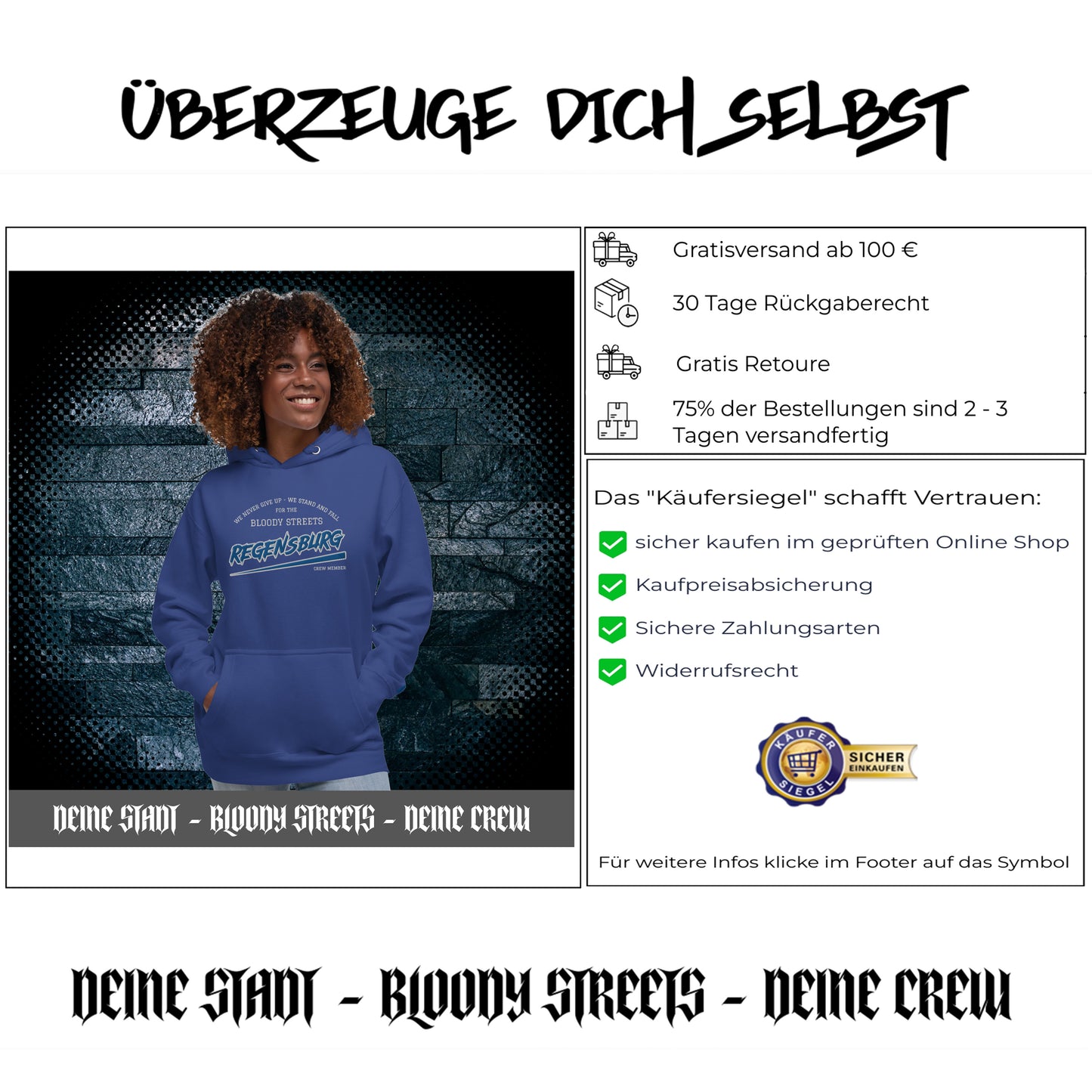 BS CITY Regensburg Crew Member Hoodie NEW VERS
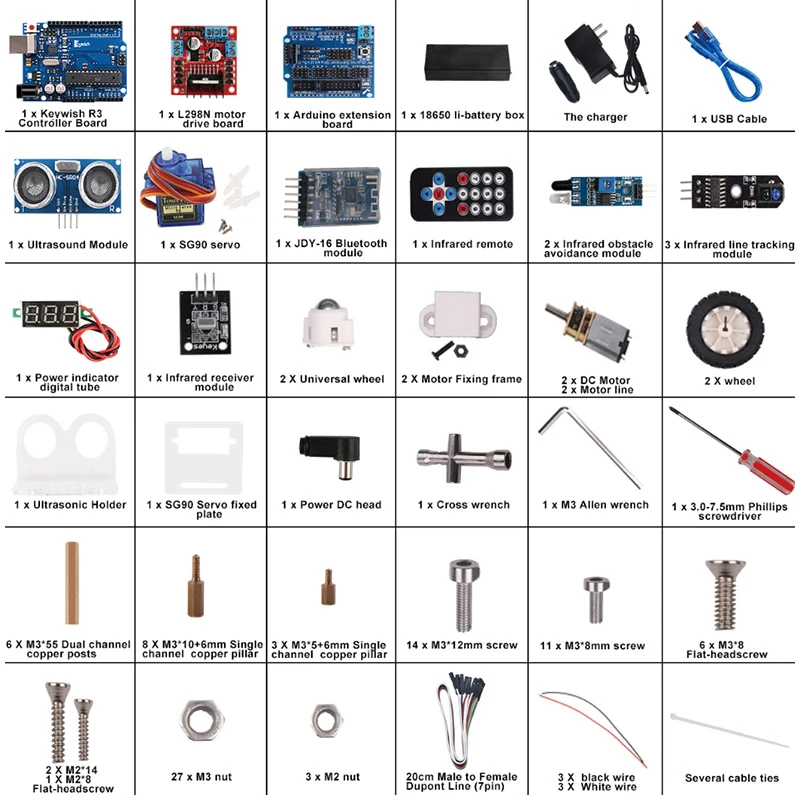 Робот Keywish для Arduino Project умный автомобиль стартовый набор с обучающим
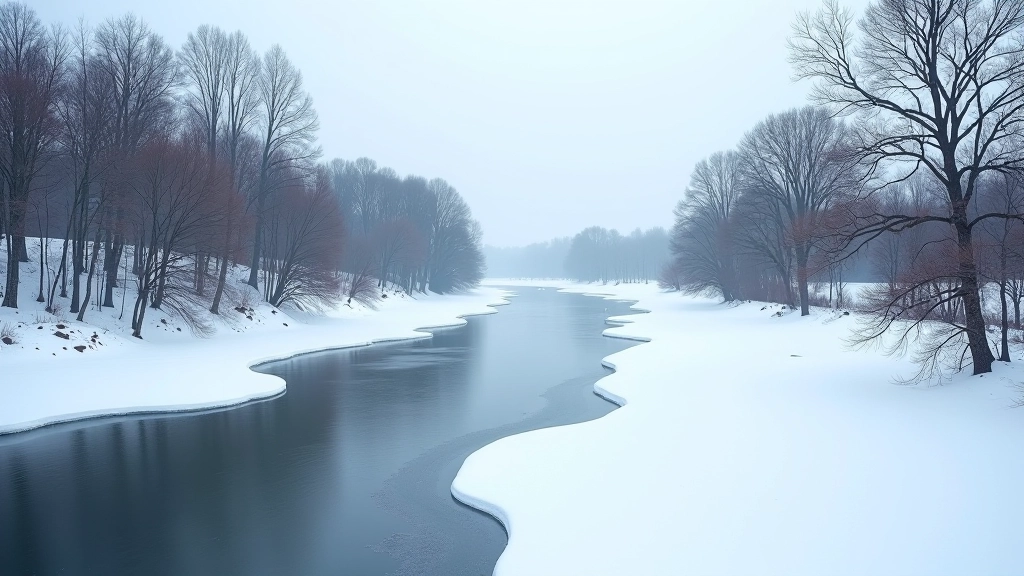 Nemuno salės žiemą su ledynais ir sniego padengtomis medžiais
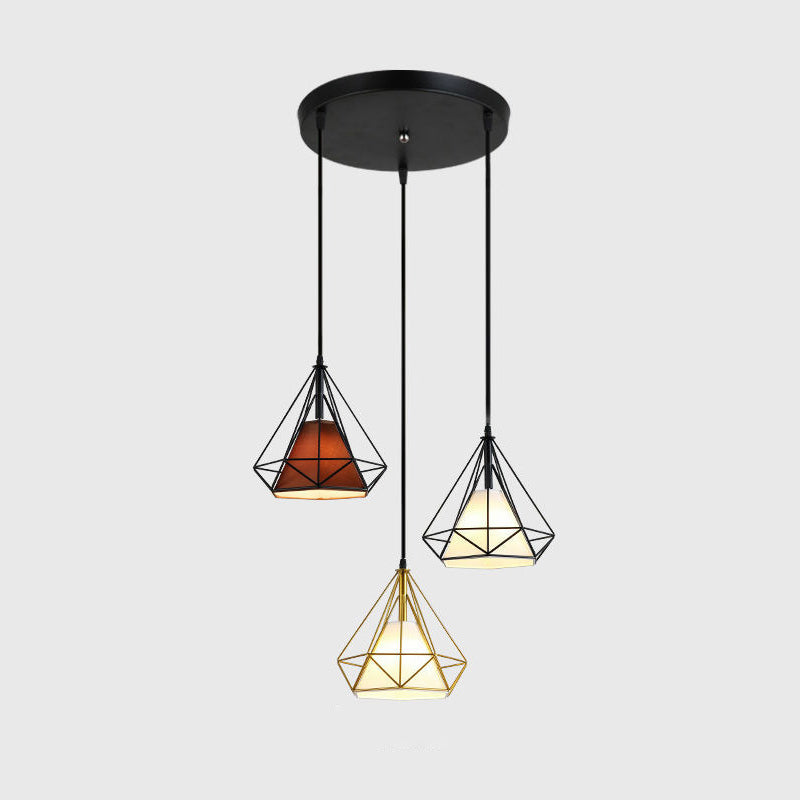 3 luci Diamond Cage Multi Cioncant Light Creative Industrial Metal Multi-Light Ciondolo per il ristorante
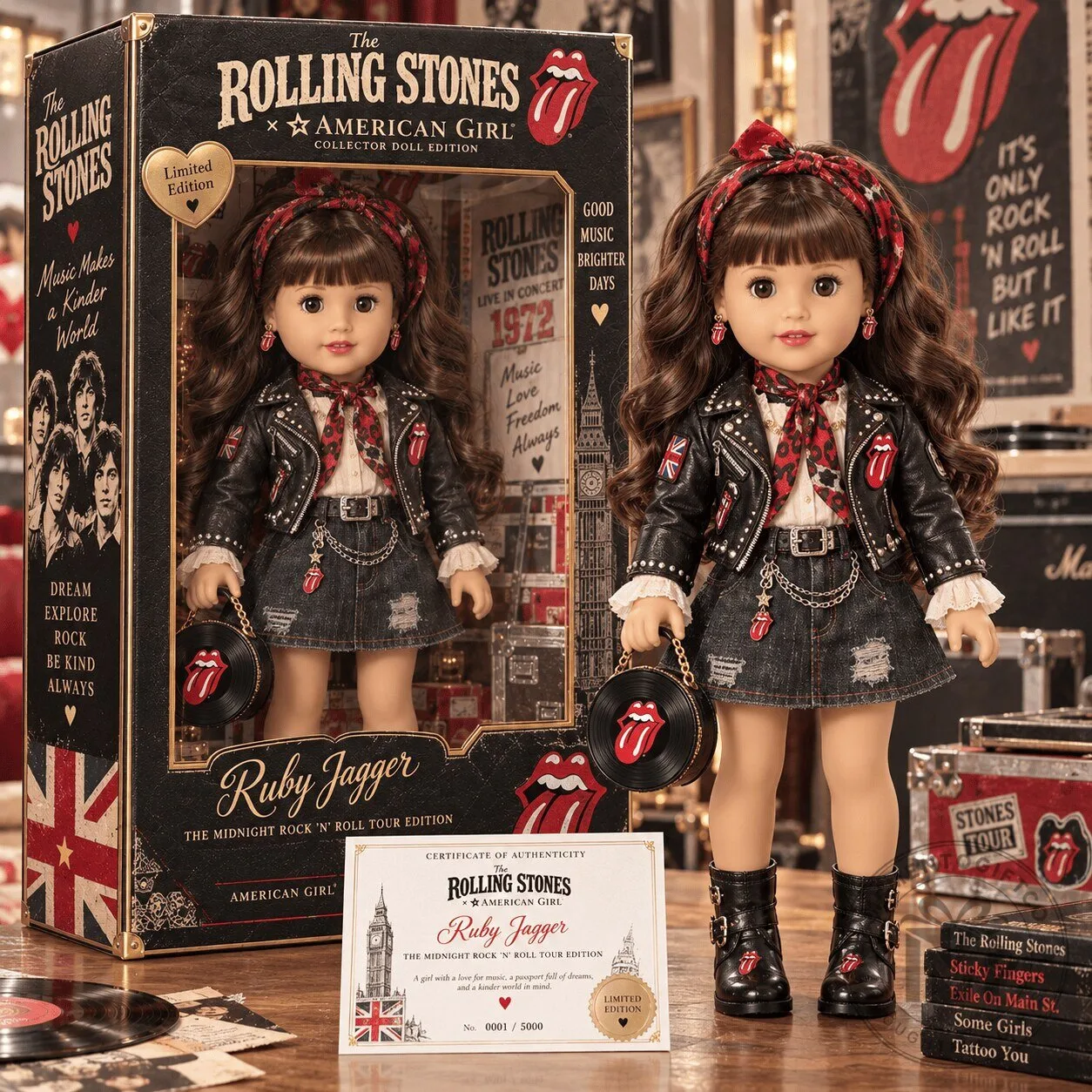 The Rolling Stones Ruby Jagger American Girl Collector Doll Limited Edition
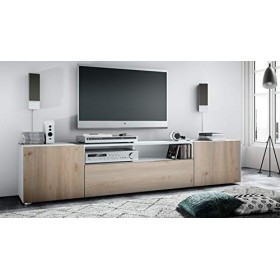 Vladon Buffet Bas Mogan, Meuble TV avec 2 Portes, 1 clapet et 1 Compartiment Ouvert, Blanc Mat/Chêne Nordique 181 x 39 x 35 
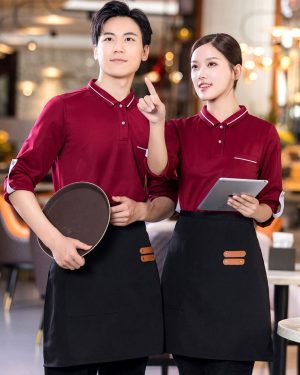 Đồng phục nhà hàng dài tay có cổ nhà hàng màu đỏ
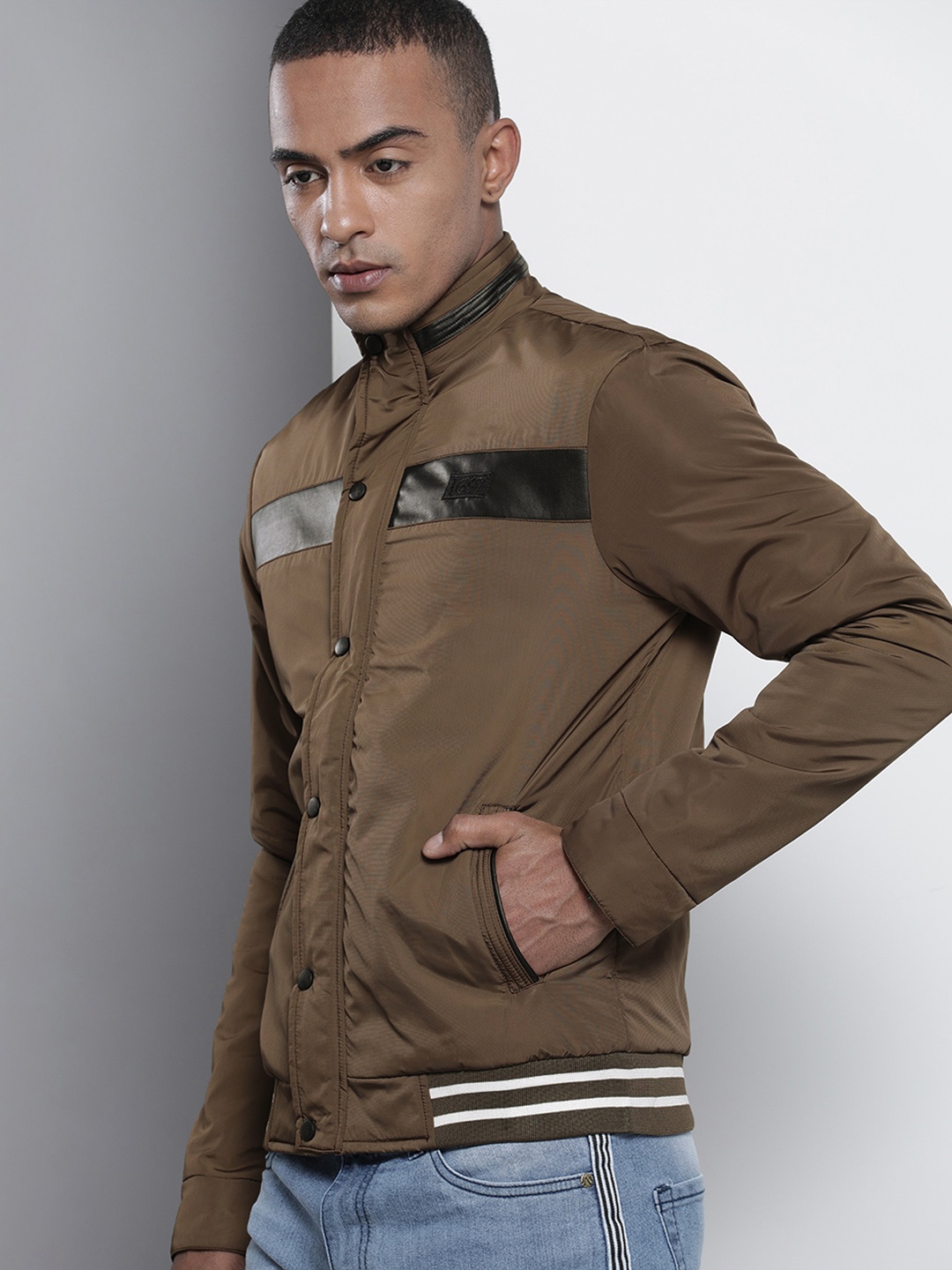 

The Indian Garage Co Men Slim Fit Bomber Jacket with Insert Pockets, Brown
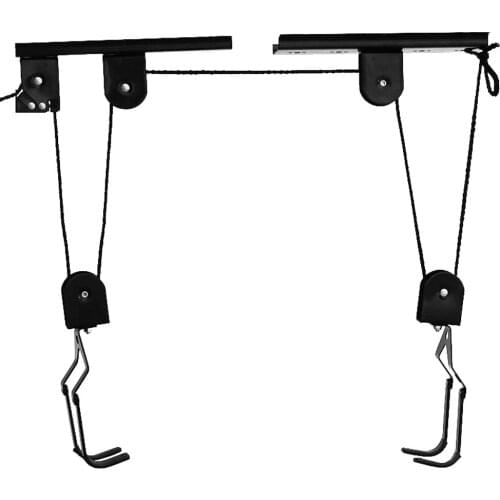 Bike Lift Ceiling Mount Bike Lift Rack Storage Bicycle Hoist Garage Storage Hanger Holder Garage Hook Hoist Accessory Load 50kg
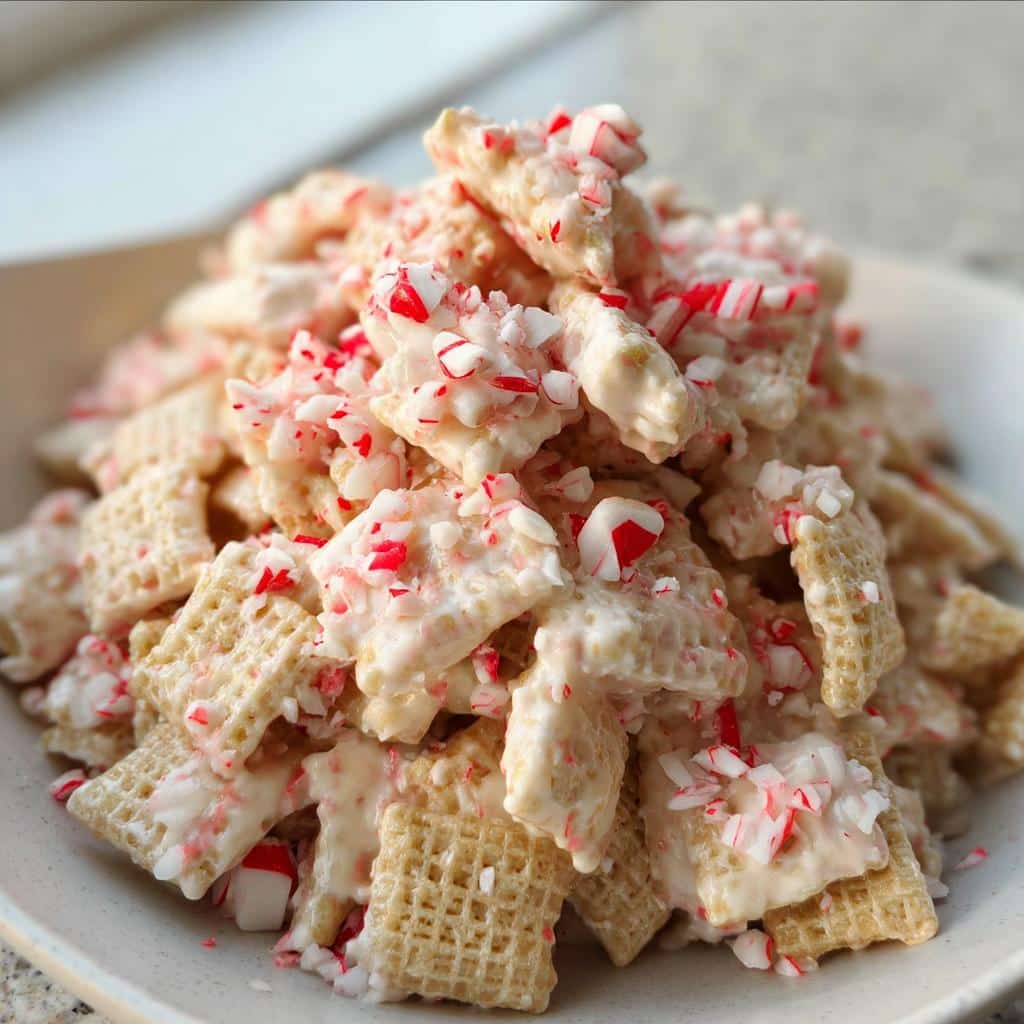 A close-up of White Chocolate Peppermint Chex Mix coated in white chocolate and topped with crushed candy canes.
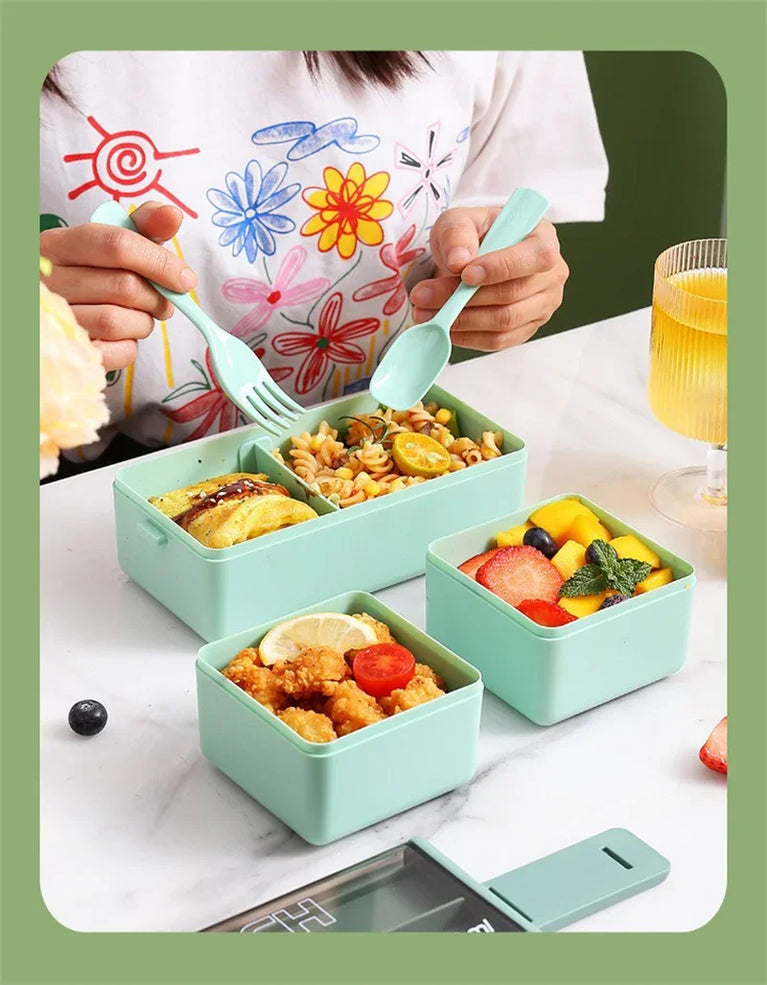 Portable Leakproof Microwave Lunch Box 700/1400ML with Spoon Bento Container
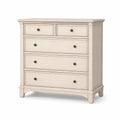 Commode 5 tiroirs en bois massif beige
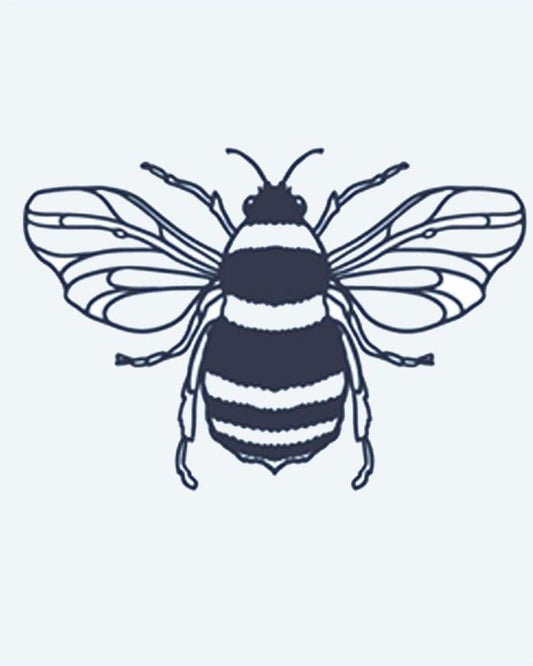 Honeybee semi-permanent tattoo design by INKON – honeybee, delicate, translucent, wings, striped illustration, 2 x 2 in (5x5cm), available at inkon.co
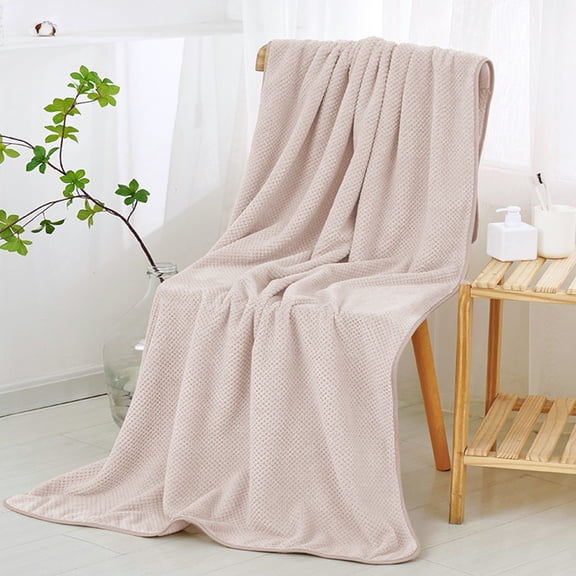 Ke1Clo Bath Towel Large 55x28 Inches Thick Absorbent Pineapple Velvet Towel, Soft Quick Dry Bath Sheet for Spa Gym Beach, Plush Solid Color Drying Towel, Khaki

---*---

** WHAT TO DO **
Copy out the material above in full and exactly, but with no pictures.

** ANSWER TO THE PROBLEM **
 BS CITY Regensburg Crew Member Hoodie NEW VERS
 Робот Keywish для Arduino Project умный автомобиль стартовый набор с обучающим
 Nemuno salės žiemą su ledynais ir sniego padengtomis medžiais
 3 luci Diamond Cage Multi Cioncant Light Creative Industrial Metal Multi-Light Ciondolo per il ristorante
 The Rolling Stones Ruby Jagger American Girl Collector Doll Limited Edition
 Vladon Buffet Bas Mogan, Meuble TV avec 2 Portes, 1 clapet et 1 Compartiment Ouvert, Blanc Mat/Chêne Nordique 181 x 39 x 35 
 Đồng phục nhà hàng dài tay có cổ nhà hàng màu đỏ

The Indian Garage Co Men Slim Fit Bomber Jacket with Insert Pockets, Brown
 Bike Lift Ceiling Mount Bike Lift Rack Storage Bicycle Hoist Garage Storage Hanger Holder Garage Hook Hoist Accessory Load 50kg
 A close-up of White Chocolate Peppermint Chex Mix coated in white chocolate and topped with crushed candy canes.
 Portable Leakproof Microwave Lunch Box 700/1400ML with Spoon Bento Container
 Commode 5 tiroirs en bois massif beige
 Honeybee semi-permanent tattoo design by INKON – honeybee, delicate, translucent, wings, striped illustration, 2 x 2 in (5x5cm), available at inkon.co
 Ke1Clo Bath Towel Large 55x28 Inches Thick Absorbent Pineapple Velvet Towel, Soft Quick Dry Bath Sheet for Spa Gym Beach, Plush Solid Color Drying Towel, Khaki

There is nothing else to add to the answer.